Je suis en train de perdre l'envie de travailler comme chercheur dans les conditions annoncées.
Je crois qu'il ne faut pas sous-estimer le rôle de l'envie, du goût de leur métier chez les chercheurs. C'est leur carburant.


Je prends un peu de mon temps pour vous dire mon incompréhension et ma colère devant la façon dont vous traitez le milieu de la Recherche et de l'Enseignement Supérieur.

Nous sommes pourtant dans notre grande majorité extrêmement dévoués à notre mission et souhaitons que l'Education et la Recherche deviennent VRAIMENT une priorité pour le pays.

Pourquoi donc n'écoutez-vous pas toutes ces voix qui s'adressent à vous ?


Les chercheurs ne sont pas uniquement force de protestation négative mais aussi et surtout force de propositions. Ils en ont faites et ils en font encore : Ecoutez-les !
De plus, mais j'espère que ce sont juste des approximations de communication, je trouve déplorable la façon dont vous dénigrez toute une profession en stigmatisant les chercheurs comme des gens inefficaces juste bon à profiter du système. Je trouve ce genre de méthodes très basses de la part d'Hommes politiques.


Je me demande vraiment quel est l'objectif de ce gouvernement. La seule chose tangible qui ressort et qui marquera durablement mon esprit est ceci :
- je suis un imbecile de ne pas comprendre que les reformes vont etre bonne pour la recherche en France. (...) Je suis chercheur au CNRS, embauche depuis 3 ans, et je vais chercher un autre job. Mais rassurez-vous, pas en France


Je crains de ne plus avoir assez de temps à consacrer à la recherche, je crains que les étudiants que je forme ne puissent plus exercer un métier comme le mien, je crains de voir les jeunes se détourner encore plus des filières scientifiques et des métiers de la recherche, je crains que toute créativité et prise de risque soit abolie dans nos activités de recherche, je crains que le système d’enseignement français devienne inégalitaire.


Médaille d'or du CNRS (...), je puis vous assurer que mes propres recherches n'auraient pu être menées à bien dans notre pays s'il avait fallu qu'elles fussent retenues à l'avance par une agence de recherche sur projets.


Le monde de la recherche était prêt à se réformer, vos actions ont tout gâché.


Ce métier est pour moi l'accomplissement d'une passion qui m'habite depuis l'enfance, comme pour beaucoup de mes collègues.
Contrairement a l'image que vous et vos collègues et supérieurs au gouvernement propagez, comme mes collègues, j'y consacre donc un temps et une énergie  considérable.
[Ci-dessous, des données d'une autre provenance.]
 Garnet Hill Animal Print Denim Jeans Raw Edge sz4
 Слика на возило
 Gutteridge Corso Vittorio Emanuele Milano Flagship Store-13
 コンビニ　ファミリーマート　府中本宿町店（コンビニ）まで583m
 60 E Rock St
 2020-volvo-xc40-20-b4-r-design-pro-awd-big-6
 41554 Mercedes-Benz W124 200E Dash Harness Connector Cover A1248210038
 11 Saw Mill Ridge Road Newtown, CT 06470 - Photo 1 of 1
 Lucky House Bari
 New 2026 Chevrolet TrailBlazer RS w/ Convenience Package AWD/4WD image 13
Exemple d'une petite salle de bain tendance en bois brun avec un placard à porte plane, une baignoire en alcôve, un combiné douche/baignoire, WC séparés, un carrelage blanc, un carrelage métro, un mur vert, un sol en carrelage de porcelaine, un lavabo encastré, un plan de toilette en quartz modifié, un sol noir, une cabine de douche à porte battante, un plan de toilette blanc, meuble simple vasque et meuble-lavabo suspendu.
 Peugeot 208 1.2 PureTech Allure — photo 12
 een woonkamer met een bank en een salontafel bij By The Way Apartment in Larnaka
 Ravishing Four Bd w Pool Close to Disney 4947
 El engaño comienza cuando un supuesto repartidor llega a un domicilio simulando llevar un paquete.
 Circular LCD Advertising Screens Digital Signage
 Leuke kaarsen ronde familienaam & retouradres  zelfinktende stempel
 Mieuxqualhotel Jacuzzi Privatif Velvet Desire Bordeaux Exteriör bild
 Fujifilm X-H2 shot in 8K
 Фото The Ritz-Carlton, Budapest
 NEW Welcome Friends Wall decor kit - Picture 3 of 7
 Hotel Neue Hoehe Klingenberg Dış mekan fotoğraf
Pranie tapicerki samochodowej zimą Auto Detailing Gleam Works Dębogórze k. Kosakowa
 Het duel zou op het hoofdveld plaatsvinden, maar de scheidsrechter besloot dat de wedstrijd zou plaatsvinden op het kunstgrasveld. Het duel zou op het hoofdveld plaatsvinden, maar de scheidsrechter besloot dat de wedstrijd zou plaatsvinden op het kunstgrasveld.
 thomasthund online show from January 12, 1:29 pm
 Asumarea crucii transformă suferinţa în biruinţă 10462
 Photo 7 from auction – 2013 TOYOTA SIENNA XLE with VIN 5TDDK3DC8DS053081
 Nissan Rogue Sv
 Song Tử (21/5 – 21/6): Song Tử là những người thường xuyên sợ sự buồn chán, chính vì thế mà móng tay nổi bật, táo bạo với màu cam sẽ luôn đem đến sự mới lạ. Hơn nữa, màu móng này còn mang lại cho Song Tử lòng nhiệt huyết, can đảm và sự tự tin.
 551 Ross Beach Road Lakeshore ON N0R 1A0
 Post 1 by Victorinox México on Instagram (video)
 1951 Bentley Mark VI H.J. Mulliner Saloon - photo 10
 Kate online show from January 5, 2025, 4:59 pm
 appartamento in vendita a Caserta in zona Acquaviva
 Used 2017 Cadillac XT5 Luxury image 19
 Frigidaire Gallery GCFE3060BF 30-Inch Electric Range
La notion de durée du service après laquelle le travaille s'arrête n'existe pas dans les laboratoires du CNRS comme le mien - la réflexion et le travail continuent souvent les nuits, WE, ...


votre entêtement à privilégier votre carrière politique fait perdre du temps à tout le monde.


Je ne prendrai pas plus de votre temps. Je veux également consacrer le mien à ma recherche. Je vous invite simplement à venir nous rencontrer : venez visiter nos labos, venez y rencontrer l'efficacité, l'excellence, l'inventivité, qui ne sont le résultat ni d'incitation financière, ni de compétition, ni de quête du pouvoir, mais simplement de la passion.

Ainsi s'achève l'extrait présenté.